The Portland Police Association and attorneys for the city made some progress during Wednesday’s round of union contract negotiations, including removing references to gender and dated software systems from the contract, as well as lifting a requirement that items posted on the PPA bulletin board must be signed.
Besides a brief disagreement over an Oxford comma — police union lawyer Anil Karia insisted they’re proper grammar — the morning session was uneventful.
But after lunch, a tense back and forth ensued as PPA attempted to question whether a new oversight board approved by voters in November was legitimate, and if the city over-promised or misled those voters.

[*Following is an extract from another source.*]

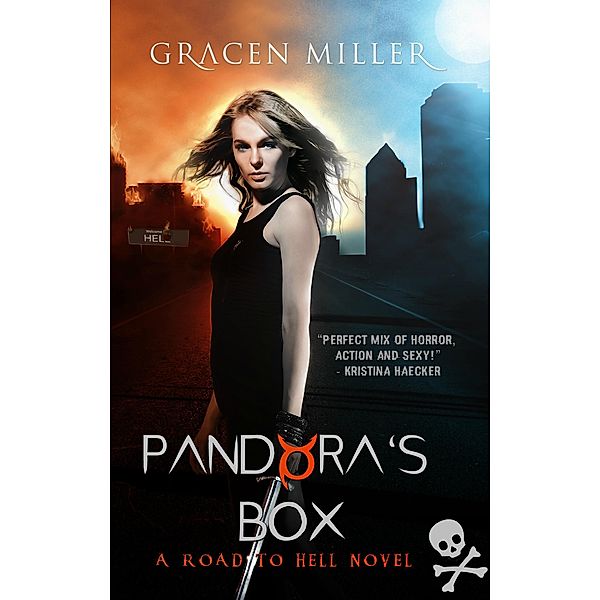 Pandora's Box (Road to Hell, #1) / Road to Hell, Gracen Miller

“When we overlaid the city’s proposal with the ballot title and the new charter changes, some questions arose,” Karia said.

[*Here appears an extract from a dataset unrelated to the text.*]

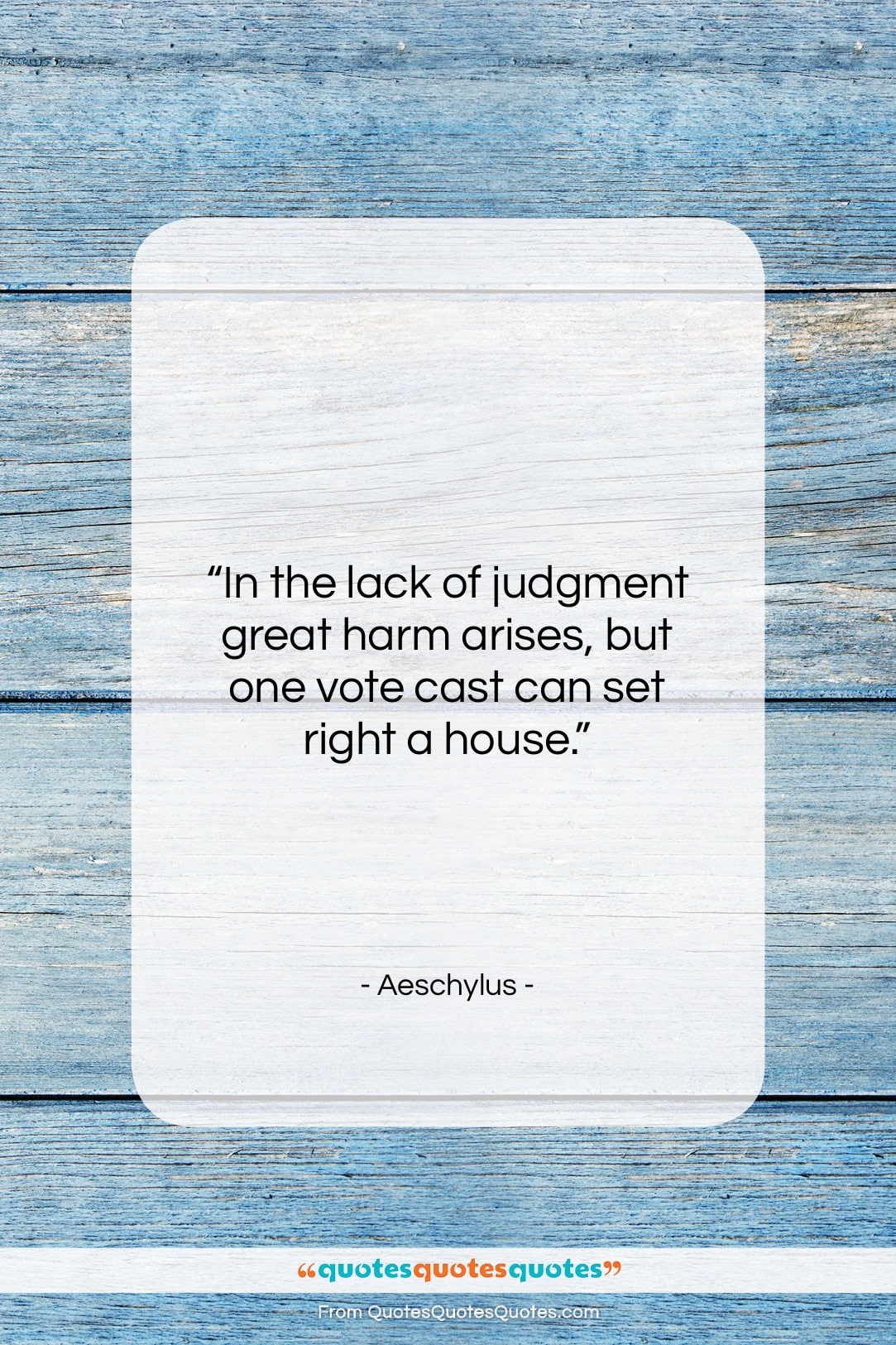 Aeschylus quote: “In the lack of judgment great harm…”- at QuotesQuotesQuotes.com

Karia pointed to the first section of the charter changes voters approved, which states the new oversight board can only start its work after “compliance with any legal obligations the City may have under the Public Employees Collective Bargaining Act.”

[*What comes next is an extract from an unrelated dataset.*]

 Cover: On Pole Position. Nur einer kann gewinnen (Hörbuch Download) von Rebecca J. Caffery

He said that first section conflicts with a later section of charter changes that explicitly delineate what the new oversight board “shall do” once voters approve it. Those powers include things like investigating complaints against officers, compelling testimony and disciplining officers.
“So our first question is, hasn’t the city already given all of these powers to the board?” Karia asked, suggesting the two sections of the charter changes conflicted with each other.
City negotiators say those sections aren’t in conflict, and some details of the oversight board may be negotiable at a later date when more is known about the specifics of the new system.
In Wednesday’s negotiations, city representatives again tried to avoid getting bogged down in specifics while maintaining their view that not all aspects of the oversight board are subject to negotiation.
“We have rights as management to engage in disciplinary investigations and to impose discipline,” said Steven Schuback, an attorney hired by Portland specifically for the police contract negotiations. “And we are maintaining that right,”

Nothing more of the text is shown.